Scott recently participated in a live webinar with our North America Regional Manager, Andre Brice, where he shared actionable steps and strategies for scaling your training business while maintaining training quality.
In the webinar, Scott covered how you can:
- Drive behavioral change with sound instructional design.
- Maintain consistency at scale.
- Reduce administration within your training business so you can focus on delivering best-in-class training.
- Plus, live Q&A.
Watch the webinar, below and read on for an in-depth look at what Scott covered:
4 steps to growing your training business
1 – Create training that drives behavioral change
For your training business to grow, the training you offer needs to drive behavioral change for your participants. In practical terms, this means that the goal of your training should be to encourage participants to think, act, and behave differently. This applies whether the training involves soft skills like presenting or public speaking or more technical subjects.
Scott has found that effective behavioral change doesn’t occur solely during the finite time a student is in the classroom, whether in person or virtual. It requires attention from the pre-work phase—meaning the preparatory activities and tasks that occur before the main instructional period—through to the post-course phase, which involves providing materials that help reinforce the learning.
Here’s how the process works:
Make sure your learners have the resources they need before a course begins
“From a pre-work perspective, participants need to be set up for success before they even arrive in the classroom,” Scott explains. “This means informing them about necessary preparations, such as technology requirements for virtual classes, whether they need to bring a recording device for in-person sessions, or if they need to prepare a presentation for practical courses like public speaking.”
The pre-work required varies depending on the type of course you are running.

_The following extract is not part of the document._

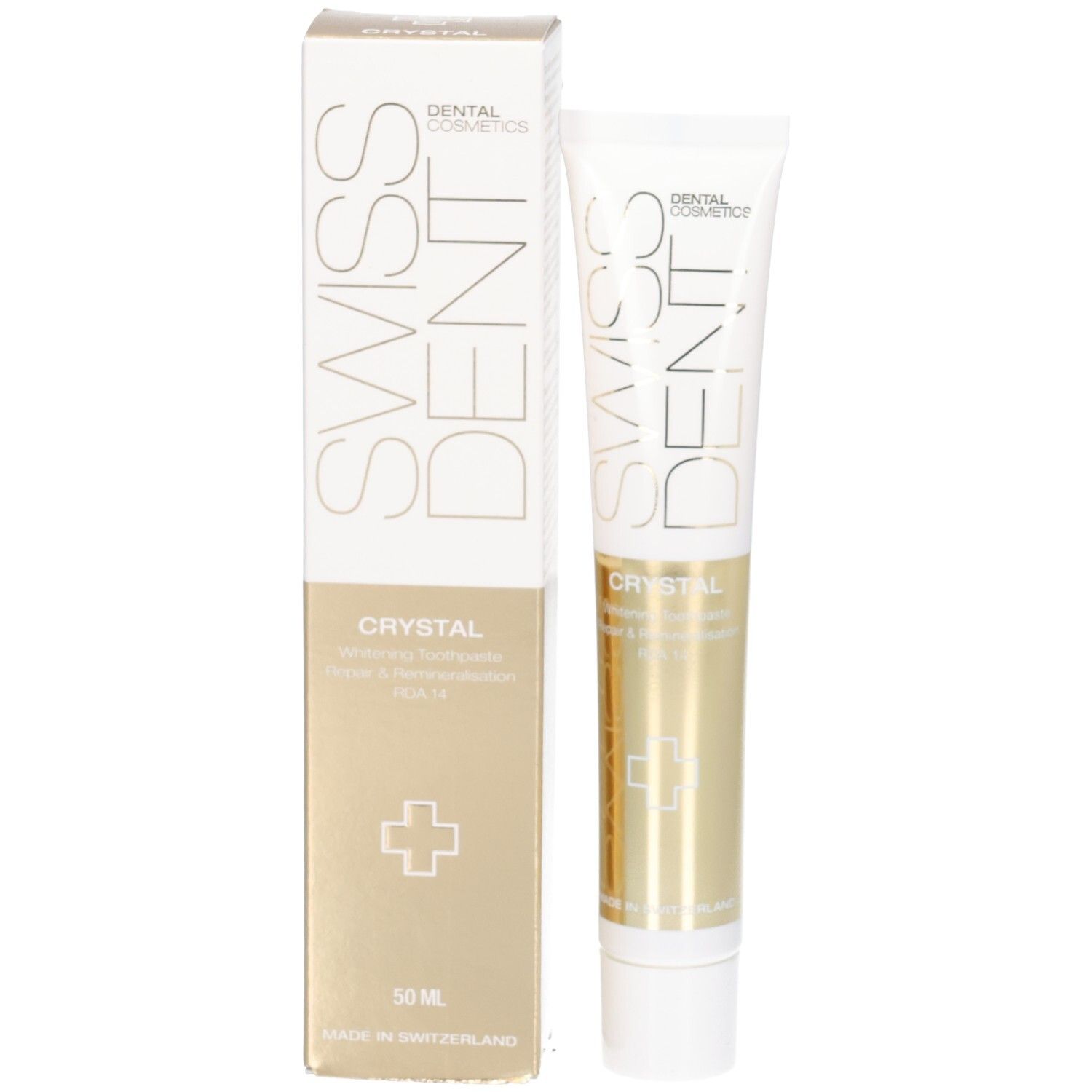 Tandpastatube en doos. Opschrift SWISSDENT CRYSTAL. Goudkleurige gedeeltes. Wit kruis. 50 ml. Verticale oriëntatie.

For example, within Communispond the pre-work for a writing skills training course will be different from that of a public speaking skills course.
Pre-work may include an assessment or tasks assigned to students before the course begins. This could involve preparing an idea for a presentation topic, formulating a speech idea, or providing an overview of the technology they need to bring.

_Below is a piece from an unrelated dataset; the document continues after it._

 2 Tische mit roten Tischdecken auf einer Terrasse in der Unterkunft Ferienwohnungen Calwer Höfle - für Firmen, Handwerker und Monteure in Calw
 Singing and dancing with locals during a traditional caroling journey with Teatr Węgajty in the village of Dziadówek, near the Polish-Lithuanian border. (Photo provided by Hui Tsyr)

Get an understanding of each learners baseline
The second stage focuses on creating a process to assess your learners’ current skills in relation to what they will be learning or improving through your training.

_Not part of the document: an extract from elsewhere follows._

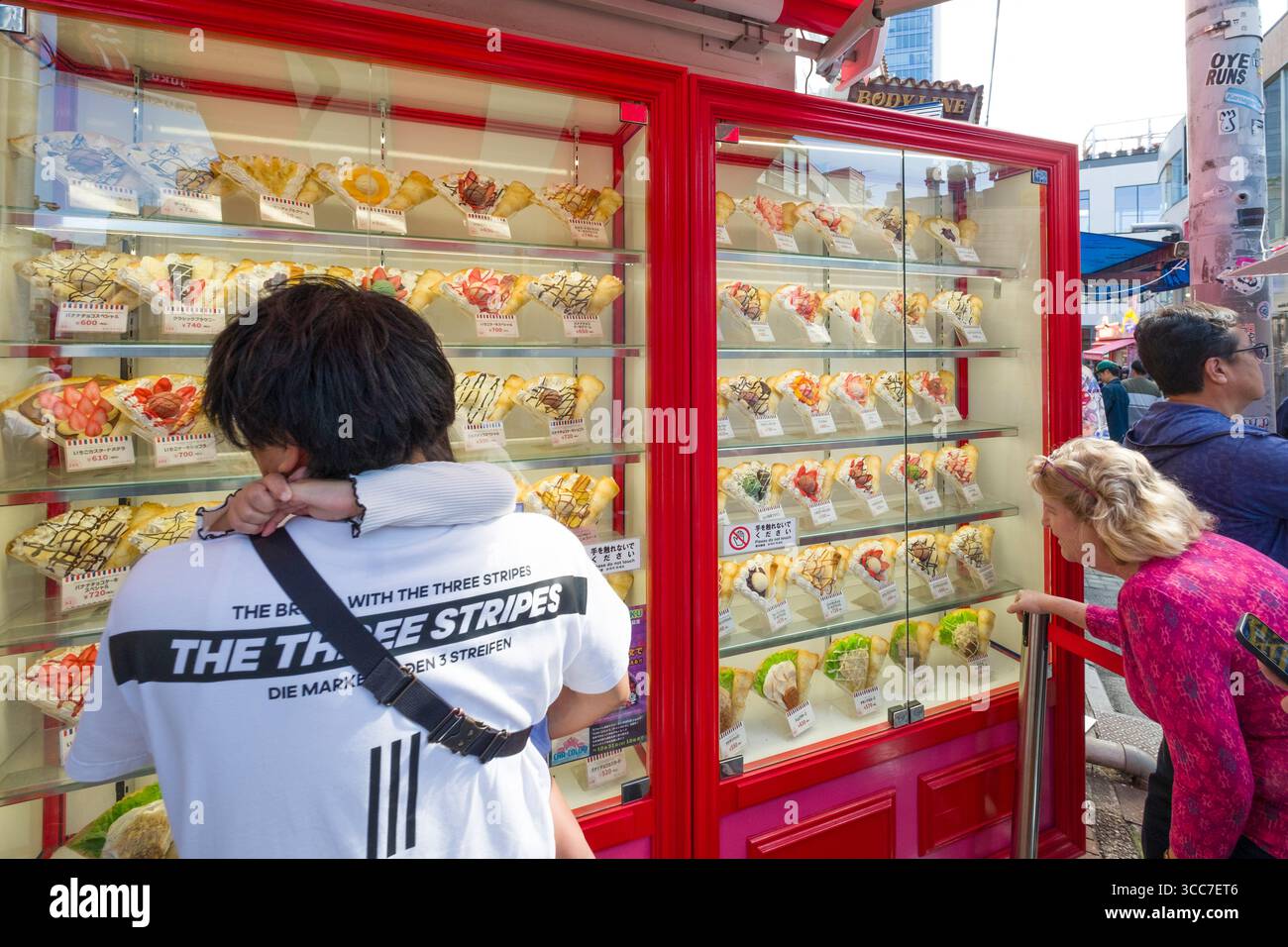 Les gens regardant le menu des modèles de nourriture shokuhin sampuru à Marion Crêpes Takeshitadori Creperie, Takeshita Street, Harajuku, Jingumae, Shibuya City, Tokyo Banque D'Images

For example, in a public speaking course, it’s important to understand whether a student considers themselves a good speaker and if they recognize areas where they need improvement. Each student will have their own perspective on their current abilities and their desired areas of growth.
Whether it’s delivering a presentation or working with Excel formulas, providing opportunities for students to evaluate their own skills helps them see where they stand, and gives them clarity around their learning goals and what they can achieve.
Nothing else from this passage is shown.